** Opening INPUT DATA block **
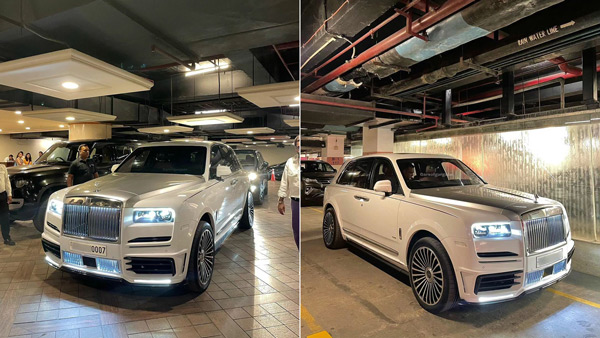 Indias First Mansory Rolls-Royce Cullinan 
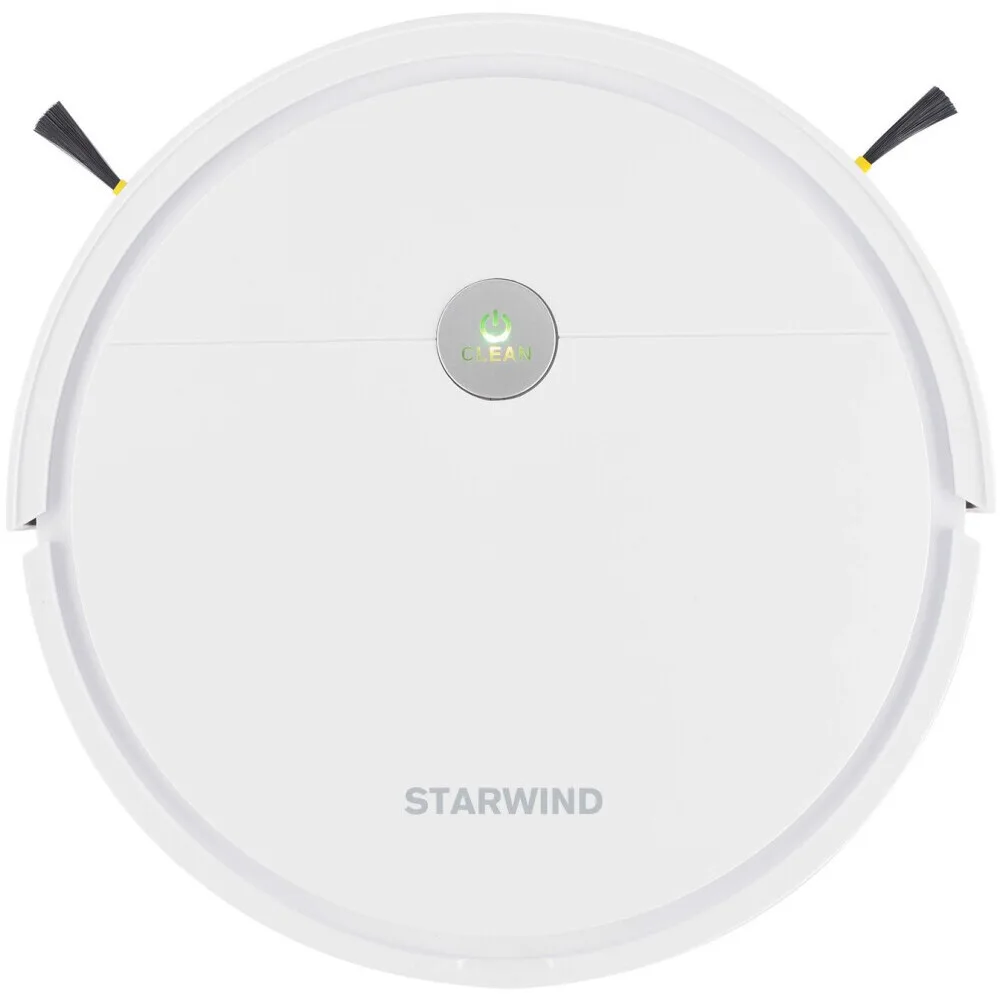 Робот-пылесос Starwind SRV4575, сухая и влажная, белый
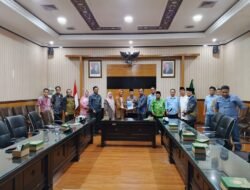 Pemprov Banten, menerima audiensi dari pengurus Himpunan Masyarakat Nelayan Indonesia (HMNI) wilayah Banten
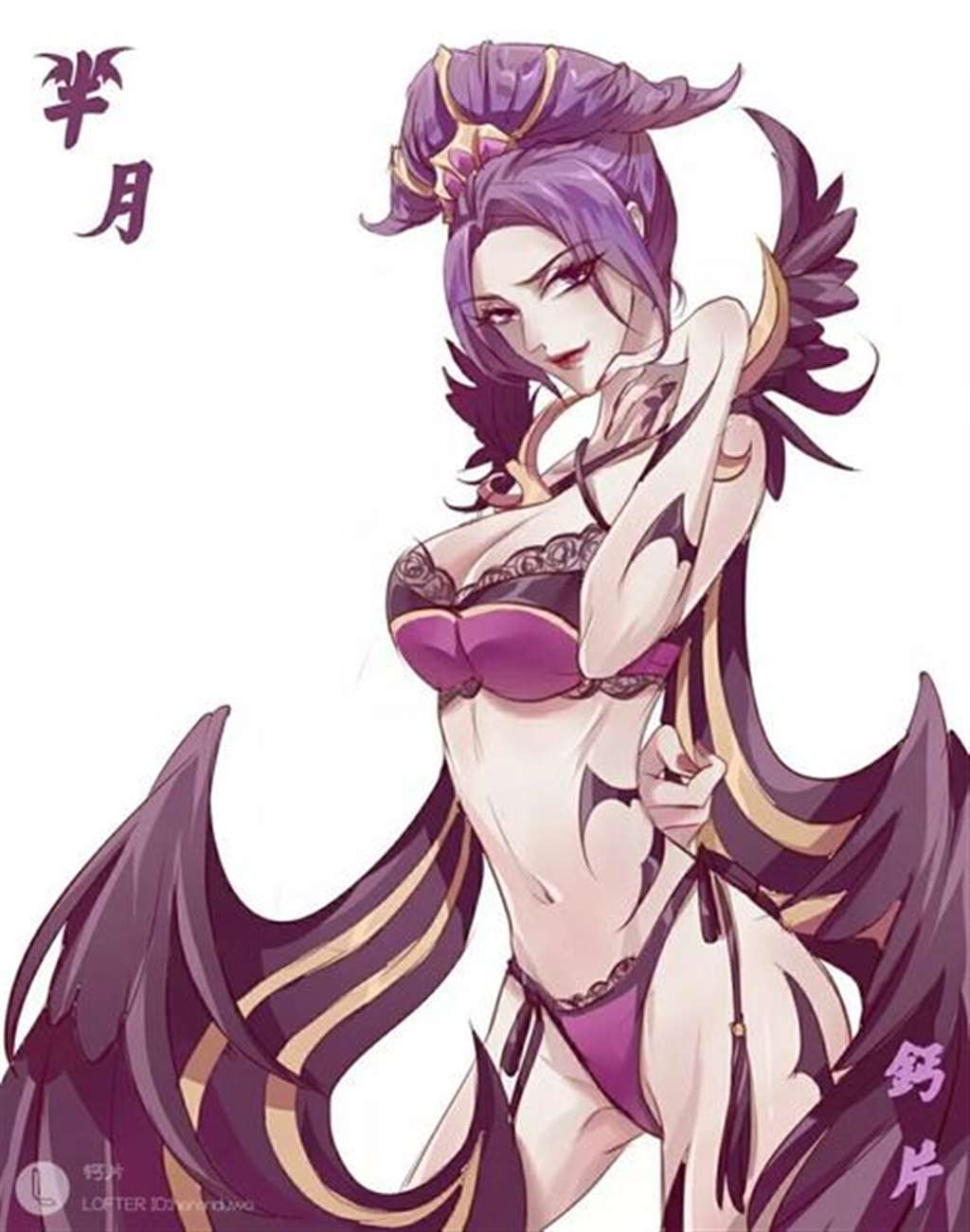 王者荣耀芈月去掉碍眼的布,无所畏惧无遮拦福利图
** Closing INPUT DATA block **
* _TASK STATEMENT_
Copy out the data above exactly, except the pictures.

* _REPLY_
 Indias First Mansory Rolls-Royce Cullinan 
 Робот-пылесос Starwind SRV4575, сухая и влажная, белый
 Pemprov Banten, menerima audiensi dari pengurus Himpunan Masyarakat Nelayan Indonesia (HMNI) wilayah Banten
 王者荣耀芈月去掉碍眼的布,无所畏惧无遮拦福利图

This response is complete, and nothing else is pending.